__What you are asked to do__. Beginning with the first entry, restate the data word for word and leave out the images.
---- Supplied records
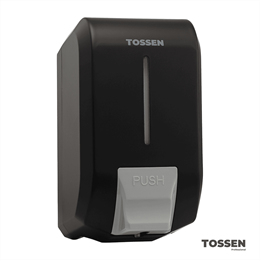 TOSSEN KF-7226 PB (Midnight) - механический дозатор жидкого мыла-пенки 211092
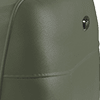 trusty matt leather olive
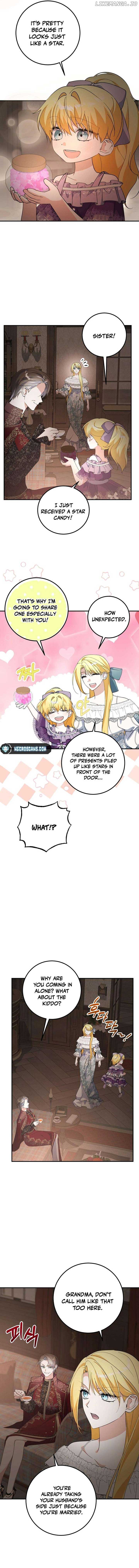 Getting Married Without My Badge Chapter 35 page 1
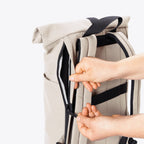 Hajo Roll-Top Rucksack Mini
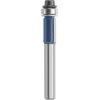 imageBOSCH 85269M 38 in x 12 in Carbide Tipped 2Flute Flush Trim Bit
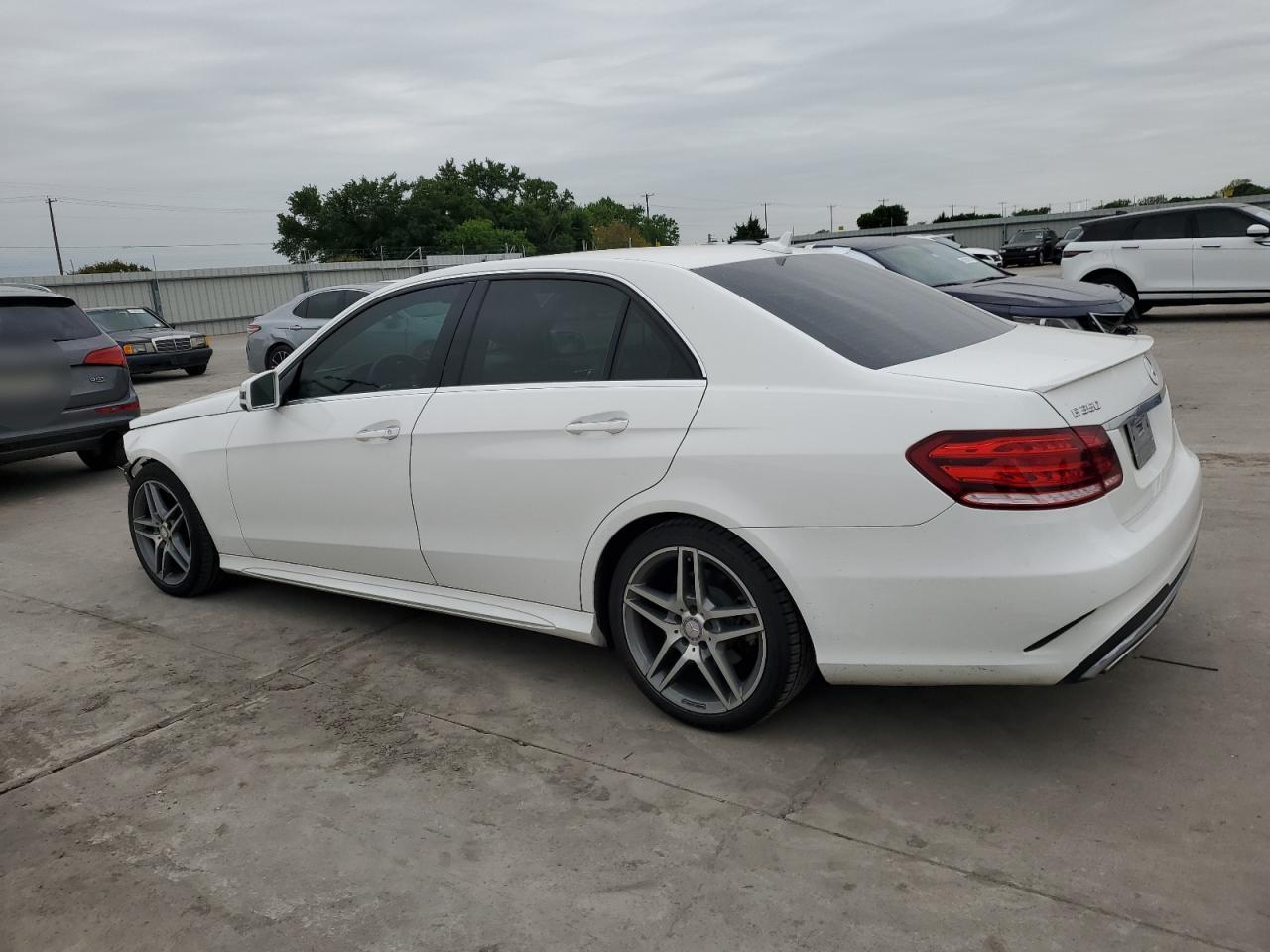 WDDHF5KBXFB100123 2015 Mercedes-Benz E 350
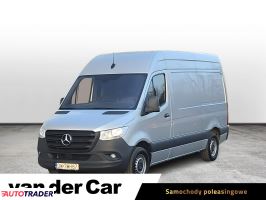 Mercedes Sprinter - zobacz ofertę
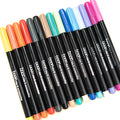 Coloring Tie Fabric Markers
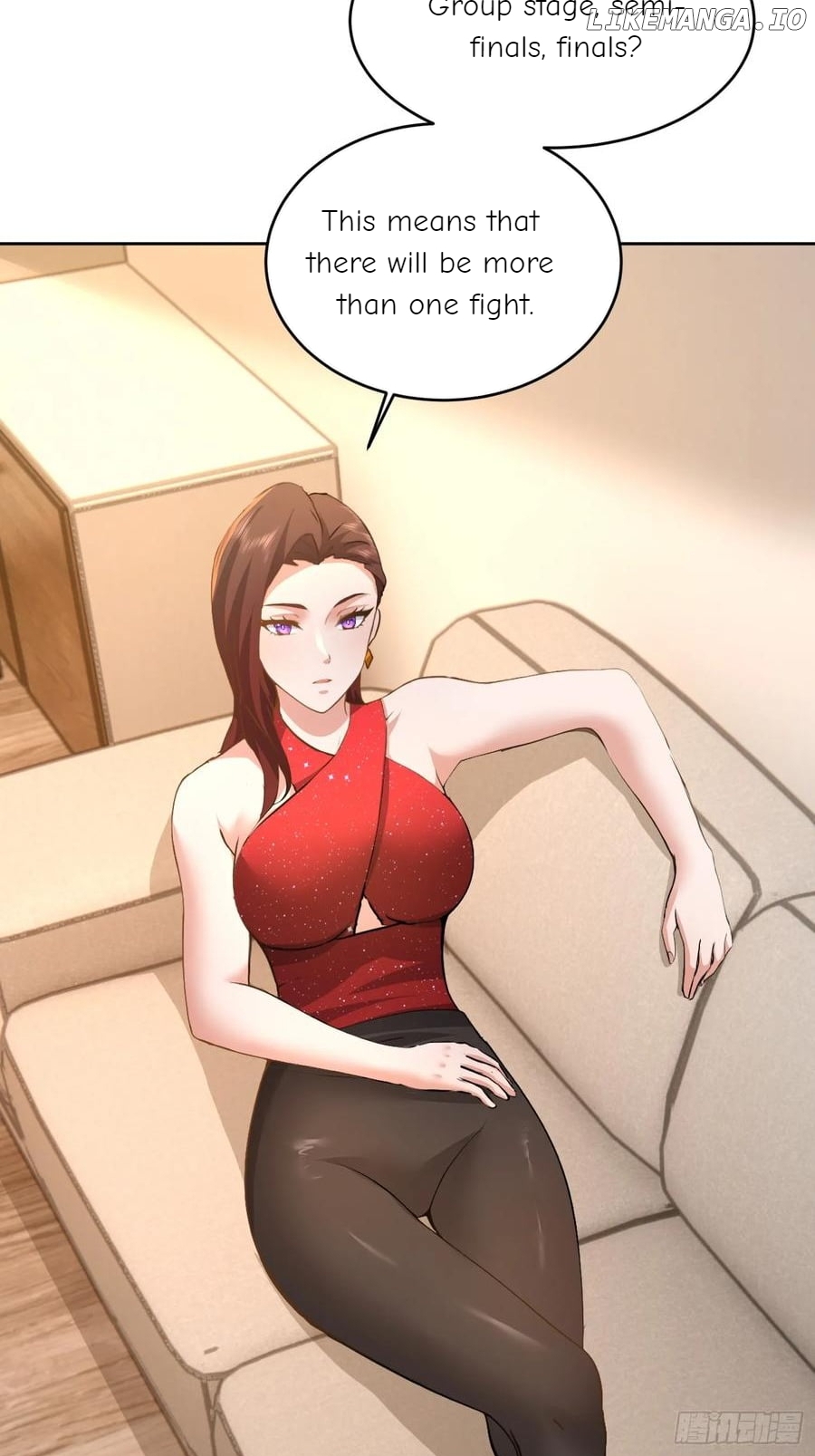 I Became the Target of the Harem in Another World Chapter 41 - page 27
--------
__Problem solution__.
 TOSSEN KF-7226 PB (Midnight) - механический дозатор жидкого мыла-пенки 211092
 trusty matt leather olive
 Getting Married Without My Badge Chapter 35 page 1
 Hajo Roll-Top Rucksack Mini
 imageBOSCH 85269M 38 in x 12 in Carbide Tipped 2Flute Flush Trim Bit
 WDDHF5KBXFB100123 2015 Mercedes-Benz E 350
 Mercedes Sprinter - zobacz ofertę
 Coloring Tie Fabric Markers
 I Became the Target of the Harem in Another World Chapter 41 - page 27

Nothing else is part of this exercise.